When designing an enterprise architecture (total concept), you need to use requirements from stakeholders. Architects must always use the strategy as the most important set of requirements.
These total concepts are designed at four different levels of abstraction: conceptual, logical, physical, and implementational levels and in close collaboration with the owner/client and stakeholder. In the model above, you see common logical-level entity classes.
On this page about EA Core Reference Model, you can read all about the various levels of abstractions. You will read how architects use concepts, principles, and patterns to create building blocks so that high-quality integral solutions can be built and implemented. We will mention here that the design of every architecture will result in tangible data products: blueprints, landscapes, visions, impressions, and diagrams. These products communicate enterprise architecture to various stakeholders, like project workers who build the solutions and implement change.
3. Enterprise Transformation / Business Change: Solution Architectures & Roadmap based
At this point, the strategy has served as input for EA. And solution requirements from stakeholders have served as input for solution architectures. And blueprints, landscapes, maps, diagrams, or matrices are created to communicate the architectural designs.
It all comes down to realizing/building the solutions integrally and implementing them as change, transforming the enterprise for the better.

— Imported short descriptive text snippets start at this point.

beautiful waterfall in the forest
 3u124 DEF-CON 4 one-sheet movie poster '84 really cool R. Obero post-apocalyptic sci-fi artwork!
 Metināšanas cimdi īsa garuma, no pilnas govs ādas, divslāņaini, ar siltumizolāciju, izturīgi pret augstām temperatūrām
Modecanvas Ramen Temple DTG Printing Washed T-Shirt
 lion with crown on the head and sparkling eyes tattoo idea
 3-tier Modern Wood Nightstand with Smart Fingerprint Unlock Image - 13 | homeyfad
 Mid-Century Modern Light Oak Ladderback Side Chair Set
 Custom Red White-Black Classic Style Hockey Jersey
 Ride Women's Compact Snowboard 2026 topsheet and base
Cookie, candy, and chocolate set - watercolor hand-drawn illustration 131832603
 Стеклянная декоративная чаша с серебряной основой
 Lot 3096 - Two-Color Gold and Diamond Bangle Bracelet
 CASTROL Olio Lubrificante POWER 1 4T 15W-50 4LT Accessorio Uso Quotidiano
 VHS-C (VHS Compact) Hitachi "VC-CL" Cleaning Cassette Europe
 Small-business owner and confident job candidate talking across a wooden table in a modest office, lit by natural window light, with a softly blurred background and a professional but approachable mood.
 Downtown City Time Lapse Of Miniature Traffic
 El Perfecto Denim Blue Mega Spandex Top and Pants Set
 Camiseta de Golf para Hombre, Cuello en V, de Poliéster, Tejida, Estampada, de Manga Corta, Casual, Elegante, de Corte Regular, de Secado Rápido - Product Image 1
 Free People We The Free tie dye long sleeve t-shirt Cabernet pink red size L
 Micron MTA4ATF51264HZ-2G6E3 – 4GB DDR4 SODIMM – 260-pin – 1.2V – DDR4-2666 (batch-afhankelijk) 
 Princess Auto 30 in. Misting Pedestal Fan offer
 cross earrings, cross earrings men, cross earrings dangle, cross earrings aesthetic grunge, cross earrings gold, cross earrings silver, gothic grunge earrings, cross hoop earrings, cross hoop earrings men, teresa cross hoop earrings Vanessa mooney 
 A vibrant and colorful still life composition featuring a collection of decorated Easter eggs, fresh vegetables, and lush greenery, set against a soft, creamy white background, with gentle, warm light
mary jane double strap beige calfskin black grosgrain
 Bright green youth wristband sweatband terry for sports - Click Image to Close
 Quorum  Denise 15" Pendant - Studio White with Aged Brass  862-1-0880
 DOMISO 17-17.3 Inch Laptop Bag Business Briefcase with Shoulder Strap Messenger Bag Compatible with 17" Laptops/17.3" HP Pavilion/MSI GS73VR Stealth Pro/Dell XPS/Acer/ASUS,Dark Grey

The Enterprise Transformation reference model below shows that integral design and change are key. Finally, the projects must have deliverables as outcomes that can be placed in a business or IT plateaus.
A best practice to work on a project effectively with enterprise architectures and designs and keep them conforming to the integral ideas is to create roadmaps. A roadmap dictates what should be done when at best and when it is needed by something else.
The platform is your online Project Management Tool to effectively map, monitor, and manage data enterprise architecture for digital transformation solutions and projects.
You can create or even generate product-breakdown-structures and work breakdown structures from your solution architecture and provide your stakeholders with interactive click-through roadmaps so their hunger for progress information can be fulfilled any time they want.
We live in turbulent times: Heading towards Digital Businesses
New technologies like 3D printing, the Internet of Things, and smart machines are arising and mixing up with recent technologies like big data, mobile devices, and the cloud.
The challenge for modern digital business architects is to try to deliver new business value, with sustainability as a starting point, for their organizations in an exciting new way. The more quickly you, as an organization, apply these new technologies, the more you will be on the right side of the game-changing process in various industries.
Making your Business Model explicit becomes more important
Digital Business is the new word, meaning your organization digitizes and virtualizes on the internet, whether you want it or not. Your competitors will do so too!
If your business becomes more digital, it is wise to explicit your business in models and data visualizations to get a better grip. Creating an enterprise architecture data visualization enables you to communicate about your new business model and accelerate data-driven decision making visualizations.
Enterprise Architectures is created in the Data Visualization tool.
Digital Transformation Architects Innovate Ecosystems
The professionals for these new types of organizations are called Digital Transformation Architects. Digital Businesses have new opportunities for innovation, growth, and thus competitive advantages. Transformation architects use enterprise architecture for digital transformations in LMEs and SMEs. For that to happen successfully, he must place EA between strategy and transformation.
Strategists and IT innovation teams are the Digital Architects with exciting times ahead. Let us all look forward to the new ventures that will arise.